----- Source data

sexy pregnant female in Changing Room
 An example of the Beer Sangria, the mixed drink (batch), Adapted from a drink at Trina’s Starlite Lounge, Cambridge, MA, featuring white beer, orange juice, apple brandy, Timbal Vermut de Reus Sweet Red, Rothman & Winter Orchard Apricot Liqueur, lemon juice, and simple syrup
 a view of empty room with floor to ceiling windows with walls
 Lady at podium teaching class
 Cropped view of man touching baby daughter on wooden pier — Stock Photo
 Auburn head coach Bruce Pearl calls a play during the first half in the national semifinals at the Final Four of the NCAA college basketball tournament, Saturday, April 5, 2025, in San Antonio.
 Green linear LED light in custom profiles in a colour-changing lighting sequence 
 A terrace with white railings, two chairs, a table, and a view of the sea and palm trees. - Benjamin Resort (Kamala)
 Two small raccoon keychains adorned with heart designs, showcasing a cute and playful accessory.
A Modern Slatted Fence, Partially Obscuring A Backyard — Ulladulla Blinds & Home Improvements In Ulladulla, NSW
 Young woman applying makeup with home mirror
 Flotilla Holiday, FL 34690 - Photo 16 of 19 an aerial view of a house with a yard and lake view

----------

◆ Your objective ◆
Pull every line with "white" from the records.

◆ Your solution ◆
 An example of the Beer Sangria, the mixed drink (batch), Adapted from a drink at Trina’s Starlite Lounge, Cambridge, MA, featuring white beer, orange juice, apple brandy, Timbal Vermut de Reus Sweet Red, Rothman & Winter Orchard Apricot Liqueur, lemon juice, and simple syrup
 A terrace with white railings, two chairs, a table, and a view of the sea and palm trees. - Benjamin Resort (Kamala)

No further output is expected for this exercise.